Salagama (also known as Saliya and Salagama Brahakmana Vanshaya) is a Sinhalese caste found mostly in the southern coastal areas of Sri Lanka. The community was traditionally associated with the cultivation and management of cinnamon and were formerly also involved as weavers and soldiers.

Etymology 
The Salagamas were also known as Saliya, also spelled Chaliya. The name is presumably derived from Chale of Kerala.

History

Origins

The Salagamas trace their roots back to the Coromandel Coast and Malabar Coast of South India, and settled in the southern coastal areas of Sri Lanka. Their ancestors were a weaving community who were known as Saliya also known as Devanga Chettiar of South India. Some Salagamas also have the vasagama or surname "Nambudirige" meaning "of the Nambudiri", which Prof. Gananath Obeyesekere deems as a spurious attempt by the caste to elevate their status to that of the Nambudiri Brahmins of Kerala (Due to caste competition with the Karava who claimed Kshatriya status). Like the other coastal castes such as the Karavas and Duravas, the Salagamas migrated to Sri Lanka between 13th to 18th century.

Colonial period

Under Portuguese rule, many Karavas and Salagamas converted to Catholicism, which opened way to education and administrative careers.

The Portuguese continued the tradition of using Salagamas as cinnamon planters, who had to provide cinnamon as a tax. Queyroz mentions 'Chaleaz' as among the 'high castes' and that they prepared cinnamon for the 'great tax'.

When the Dutch East India Company (VOC) took over the coastal areas, it re-organised cinnamon cultivation on modern capitalist lines, with plantations located within the boundaries of VOC rule, mainly in the Galle district. The Salagamas were converted from a feudal caste into a modern proletariat.The Dutch demand for cinnamon was more intense than that of the Portuguese, and by the era of British control mortality rates among Salagamas had increased sharply. It became common practice for cinnamon peelers' children to be registered under the names of other castes in order to spare them a life of ever-growing misery.

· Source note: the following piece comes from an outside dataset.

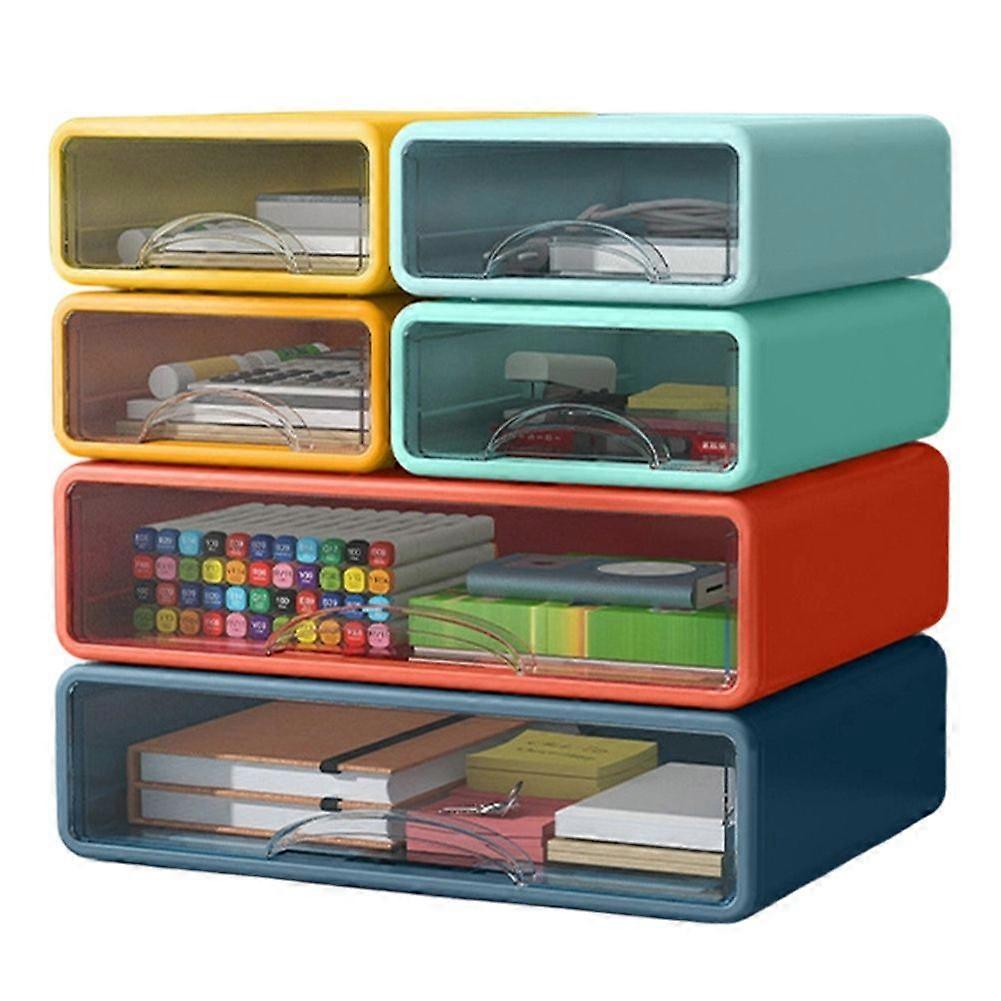 Compact Size Stackable Office Storage Boxes with Drawers, Desk Organizers for Bedroom Cosmetics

The census of 1824 identified the Salagamas as about 7.5% of the coastal Sinhalese population. However, they were concentrated in the Galle district, where about half of them lived and where they made up almost 20% of the population.

Sub-castes 
Traditionally, the Salagama were divided into four sub-castes:
 Hewapanne ('warriors' & military officers/generals)
 Panividakara  ('Special messengers') or - headmen (equal to Mohottalas)
 Kurundukara (Kurunthukarar in Tamil means ('cinnamon workers').

However, in modern times there is a simple twofold division between the Hewapanne and the Kurundukara. The former are of higher status, including landowners in their ranks, the "Kurundukara's"  enjoyed a high status in Sinhala society, before being punished by the King of Kotte in 1406 and downgraded to a lower status, who also imposed cinnamon as a tax, at one stage the tax exceeded their manpower, and became virtually unbearable, and it took a heavy toll in their mortality rate,  some of them were subsequently forced to change their names to other castes to escape it.

Occupations 
Today, the Salagama predominance in cinnamon cultivation has declined, the higher status gained by the caste leading to its members abandoning their traditional occupation. Many Salagamas in the Hikkaduwa area became coral miners until the Boxing Day Tsunami of 2004 swept away their villages. The coral-lime kilns gave employment to many more.

The Railway made access to employment in Colombo and other urban centres very much easier, and the caste became a very important part of the working class. Its higher echelons became notable in the engineering profession, mainly due to the influence of Sir Cyril de Zoysa, who owned the South Western Omnibus Company (see Ceylon Transport Board) and the Associated Motorways Group, and other businessmen in the motor trade.

Buddhist revival 
By the mid 18th century, upasampada (higher ordination, as distinct from samanera or novice ordination) had become extinct in Sri Lanka. The Buddhist order had become extinct three times during the preceding five hundred years and was re-established in the reigns of Vimala Dharma Suriya I (1591–1604) and Vimala Dharma Suriya II (1687–1707) as well. These re-establishments were short lived. On the initiative of Ven. Weliwita Saranankara (1698–1778) the Thai monk Upali Thera visited Kandy during the reign of king Kirti Sri Rajasinghe (1747–1782) and once again reestablished the Buddhist order in Sri Lanka in 1753. It was called the Siyam Nikaya after the "Kingdom of Siam".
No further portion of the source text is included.